The whole listing, apart from its images, should be restated word for word.

| Listed entries |
◇ ◇ ◇
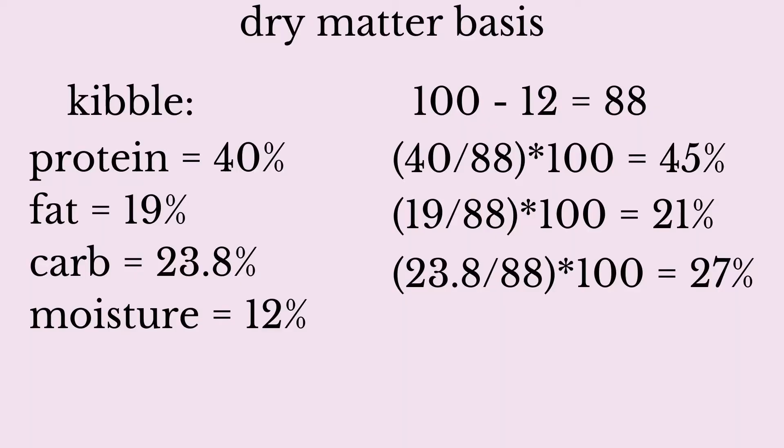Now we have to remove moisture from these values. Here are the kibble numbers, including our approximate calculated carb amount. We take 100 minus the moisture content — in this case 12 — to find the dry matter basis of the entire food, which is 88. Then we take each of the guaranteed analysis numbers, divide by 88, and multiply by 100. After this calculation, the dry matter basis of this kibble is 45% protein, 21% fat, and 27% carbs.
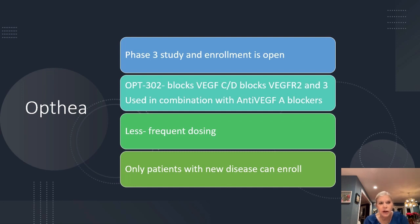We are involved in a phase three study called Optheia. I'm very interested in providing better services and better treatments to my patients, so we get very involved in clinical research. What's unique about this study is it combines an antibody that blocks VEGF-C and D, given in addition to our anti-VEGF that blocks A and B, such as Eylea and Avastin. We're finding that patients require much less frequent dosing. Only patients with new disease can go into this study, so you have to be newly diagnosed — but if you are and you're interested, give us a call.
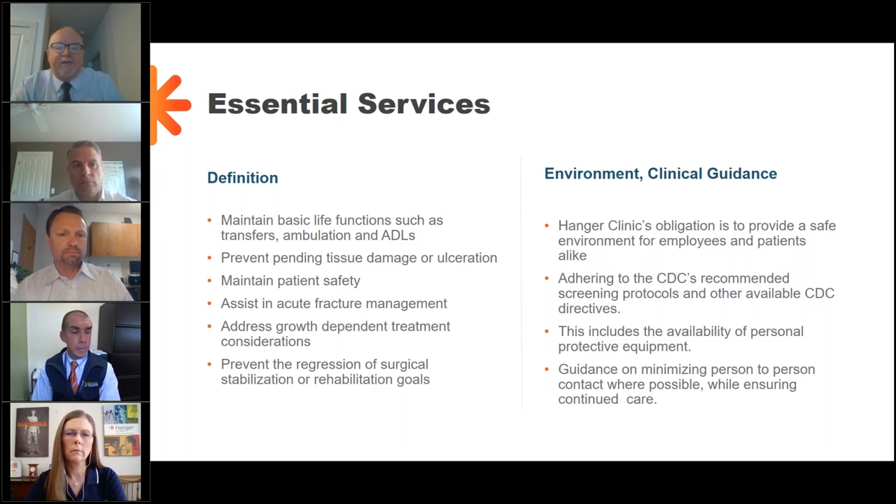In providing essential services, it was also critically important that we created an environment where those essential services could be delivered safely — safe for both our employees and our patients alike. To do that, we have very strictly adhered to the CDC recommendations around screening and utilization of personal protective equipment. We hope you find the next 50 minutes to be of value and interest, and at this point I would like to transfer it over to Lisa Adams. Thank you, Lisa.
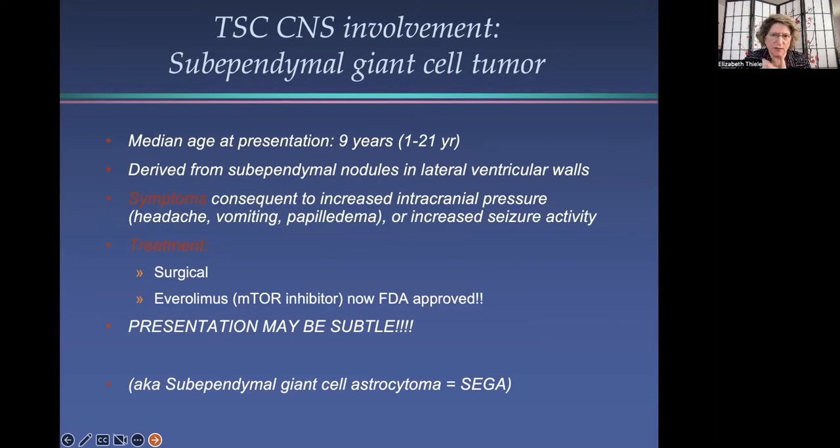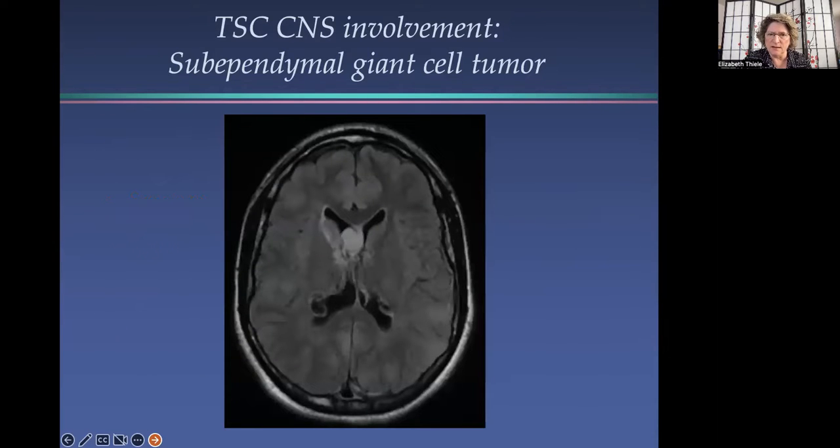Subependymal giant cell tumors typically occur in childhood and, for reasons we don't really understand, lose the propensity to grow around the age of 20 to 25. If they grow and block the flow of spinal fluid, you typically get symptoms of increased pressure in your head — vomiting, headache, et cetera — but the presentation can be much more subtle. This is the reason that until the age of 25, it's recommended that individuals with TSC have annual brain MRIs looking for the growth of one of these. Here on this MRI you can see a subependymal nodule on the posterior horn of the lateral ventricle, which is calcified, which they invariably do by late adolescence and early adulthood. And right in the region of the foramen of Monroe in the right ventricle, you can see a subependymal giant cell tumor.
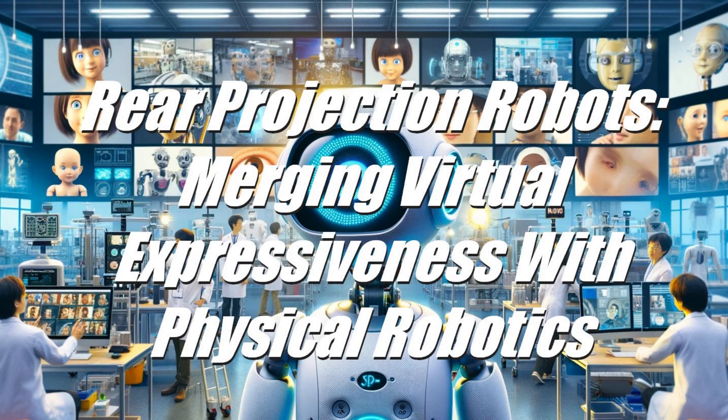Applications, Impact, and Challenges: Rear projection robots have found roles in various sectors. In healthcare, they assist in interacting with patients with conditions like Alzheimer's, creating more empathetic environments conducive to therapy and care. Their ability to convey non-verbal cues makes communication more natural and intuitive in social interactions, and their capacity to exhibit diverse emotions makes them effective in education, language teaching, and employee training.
◇ ◇ ◇
| Answer space |
Now we have to remove moisture from these values. Here are the kibble numbers, including our approximate calculated carb amount. We take 100 minus the moisture content — in this case 12 — to find the dry matter basis of the entire food, which is 88. Then we take each of the guaranteed analysis numbers, divide by 88, and multiply by 100. After this calculation, the dry matter basis of this kibble is 45% protein, 21% fat, and 27% carbs.
We are involved in a phase three study called Optheia. I'm very interested in providing better services and better treatments to my patients, so we get very involved in clinical research. What's unique about this study is it combines an antibody that blocks VEGF-C and D, given in addition to our anti-VEGF that blocks A and B, such as Eylea and Avastin. We're finding that patients require much less frequent dosing. Only patients with new disease can go into this study, so you have to be newly diagnosed — but if you are and you're interested, give us a call.
In providing essential services, it was also critically important that we created an environment where those essential services could be delivered safely — safe for both our employees and our patients alike. To do that, we have very strictly adhered to the CDC recommendations around screening and utilization of personal protective equipment. We hope you find the next 50 minutes to be of value and interest, and at this point I would like to transfer it over to Lisa Adams. Thank you, Lisa.
Subependymal giant cell tumors typically occur in childhood and, for reasons we don't really understand, lose the propensity to grow around the age of 20 to 25. If they grow and block the flow of spinal fluid, you typically get symptoms of increased pressure in your head — vomiting, headache, et cetera — but the presentation can be much more subtle. This is the reason that until the age of 25, it's recommended that individuals with TSC have annual brain MRIs looking for the growth of one of these. Here on this MRI you can see a subependymal nodule on the posterior horn of the lateral ventricle, which is calcified, which they invariably do by late adolescence and early adulthood. And right in the region of the foramen of Monroe in the right ventricle, you can see a subependymal giant cell tumor.
Applications, Impact, and Challenges: Rear projection robots have found roles in various sectors. In healthcare, they assist in interacting with patients with conditions like Alzheimer's, creating more empathetic environments conducive to therapy and care. Their ability to convey non-verbal cues makes communication more natural and intuitive in social interactions, and their capacity to exhibit diverse emotions makes them effective in education, language teaching, and employee training.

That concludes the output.